Jared King parcourait du regard le couloir vétuste devant l'appartement de Marcus, rassemblant son courage avant de se glisser au cœur des Braxton Houses. L'endroit lui crispait toujours les nerfs avec ses néons clignotants et ses murs couverts de fissures. Pourtant, il trouvait un certain réconfort dans le fait de ne plus être totalement seul. Marcus l'épaulait, et les lunettes anciennes, précieusement dissimulées dans une cache improvisée, étaient pour l'instant hors de portée de ceux qui voudraient s'en emparer. Ces maigres victoires, aussi fragiles soient-elles, suffisaient à Jared pour descendre l'escalier de béton usé et déboucher sur la rue.
Dehors, une rangée de voitures délabrées s'entassait le long du trottoir, avec des peintures écaillées et des vitres fracassées, témoignage de collisions passées et de tentatives de vol. Jared gardait un œil vigilant sur les passants. Son agression récente était encore fraîche dans son esprit. Malgré tout, la zone paraissait moins dangereuse sous le soleil : des groupes d'enfants jouaient sur le trottoir, et un vendeur de tamales poussait son chariot en direction de l'avenue voisine, plus fréquentée.

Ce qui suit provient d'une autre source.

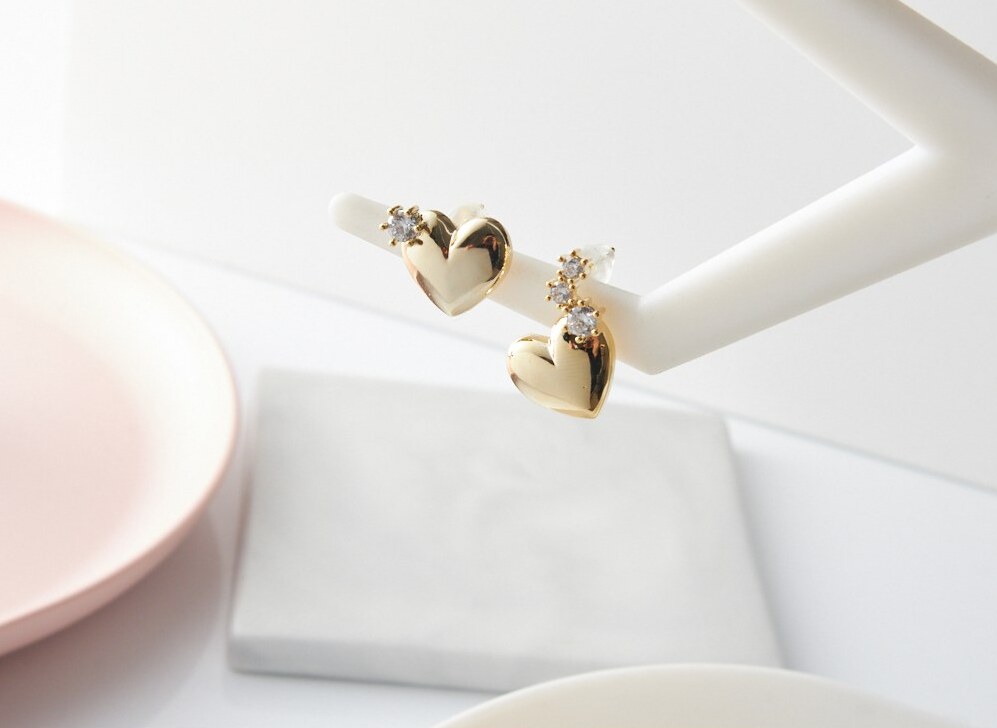 Lovely Heart Earrings with Beautiful Zircon Stones 
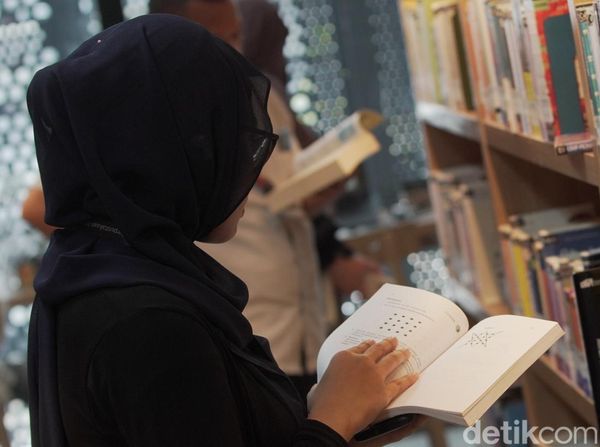 Masyarakat Nikmati Hari Buku Nasional di Perpustakaan TIM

Il accéléra le pas vers l'arrêt de bus. Un courant d'air s'engouffra entre les immeubles, charriant des relents d'huile de friture et d'ordures. Des souvenirs de sa vie d'étudiant à Bernington l'assaillirent : les pelouses impeccables, les cafétérias immaculées, le silence studieux des bibliothèques. Ici, à Silvercoast, tout lui paraissait hostile, chaque nouveau jour érodant un peu plus ses anciennes certitudes sur la justice et la sécurité.
Arrivé à l'arrêt de bus, il eut juste le temps de voir son bus s'éloigner dans un grondement, laissant échapper un souffle de freins. Jared étouffa un grognement. Il devrait attendre au moins vingt minutes avant le suivant—une contrariété minime, certes, mais qui tombait mal dans le contexte de ses problèmes actuels. Il s'assit sur le banc, le bras bandé reposant contre sa cuisse. Le couteau qui l'avait entaillé la veille continuait de lui lancer de vives piqûres.
Il sortit son téléphone. Aucun message : ni avertissements cryptiques, ni pistes sur l'injustice qui l'avait chassé de Bernington. Un instant de calme inattendu, presque trop calme, songea-t-il en balayant la rue du regard, comme s'il guettait un inconnu surgissant de l'ombre.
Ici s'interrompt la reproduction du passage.